MCP-only invocation — Claude Desktop / Claude Code / Cursor speak the protocol; the policycenter-mcp binary handles either stdio (local) or streamable HTTP (remote-ready) at :3030.
scripts/smoke-reach.ts is the dev verification path: hits the librarian's cataloged Cloud API endpoints with dev-tier OAuth creds (D-021) and confirms reachability before tools are bound.
Tool selection is itself a guard: carrier-vocab names mean an LLM picking by intent ("find submissions waiting on me") routes deterministically, instead of guessing API verbs.
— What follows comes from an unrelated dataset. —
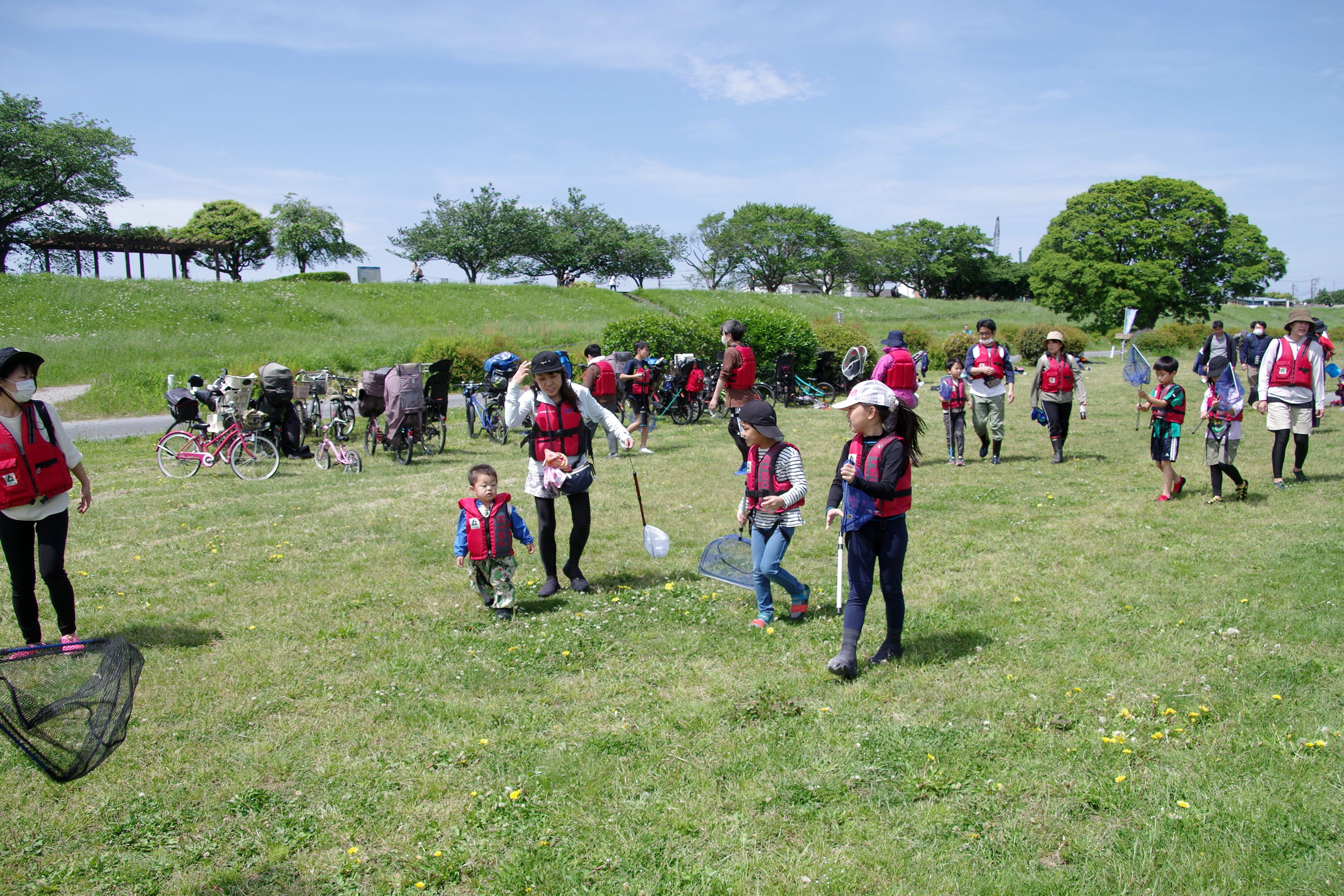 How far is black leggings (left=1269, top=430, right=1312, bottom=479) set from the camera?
31.8 feet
External Guidewire surfaces (no mocks)

Guidewire Cloud API — PolicyCenter Job, Account, Policy, and Composite endpoints per the librarian knowledge base. Real tenant; real responses; tests/recordings/ captures hold provenance + MANIFEST.md.
Guidewire Hub OAuth — issuer for tenant-scoped access tokens consumed by auth. Refresh handled inside the SDK; no token leaves the process.
D-008 / D-021 enforcement: CI fails loudly if sandbox is unreachable. We never silently degrade to fixtures — that's how invented API shapes ship.
P1 librarian fix: GW-DBTransaction-ID is the wire header for Guidewire's server-side idempotency; never reuse the harness gwh1: cache key as the wire value.

Persistence + audit chain

Hash-chained, append-only. computeEntryHash() serializes canonically and links each entry to the previous; tampering breaks the chain on the next verifyChain() pass.
Role split per D-019: writer appends, reader reads, verifier re-hashes. The MCP server's connection string maps to writer; verifier runs as a separate compliance job.
Memory store is for tests + ephemeral demos. Production deployments mount a Postgres connection string at boot — no fallback.
tests/recordings/ is the persistence-of-truth for HTTP — provenance-stamped, never invented, scrubbed of PII before commit.

Planned (E3 · E6–E9)

E3 harness — library + CLI (NOT an MCP server, by design — recursive harness inside an MCP tool would break tool selection). Surface: plan / policy / approval / execute / audit / rollback; cache key prefix gwh1:.
E6 events-mcp — query-only against Guidewire App Events; webhook receiver + queue lives in a sibling worker, not the MCP server.
E7 claimcenter-mcp · E8 billingcenter-mcp + payments-mcp · E9 producer-mcp — same E1 foundation; payments split out for dual-control. Profiles select read_only / draft_only / approved_execute per tool.
Each future server lands behind: customer profile + harness gate + audit row + observability span. The CI architecture rules enforce this from E1 onward.

Decision references

D-008 — NO MOCKS rule. Real Guidewire Cloud endpoints from day one; CI fails loudly on sandbox unreachability instead of silently degrading to fixtures.
D-019 — Audit chain is tamper-resistant via three Postgres roles (writer / reader / verifier), not tamper-evident against a compromised harness DBA. Verifier is a separate compliance job.
D-020 — Profile schema is versioned. v1.0 = 9 YAMLs (MVP); v2.0 adds aggregation grouping (E2.5). Customer profiles pin a major version.
D-021 — Terminology fix: "sandbox" meant Guidewire-isolated tenant; what we actually need is dev-tier OAuth credentials + real Cloud API endpoints. First integration engagement brings their own tenant.
P1 — Librarian-audit fix on idempotency: the harness gwh1: cache key (replay short-circuit) is distinct from the Guidewire GW-DBTransaction-ID wire header (server-side fail-on-duplicate). Never reuse the same value across both.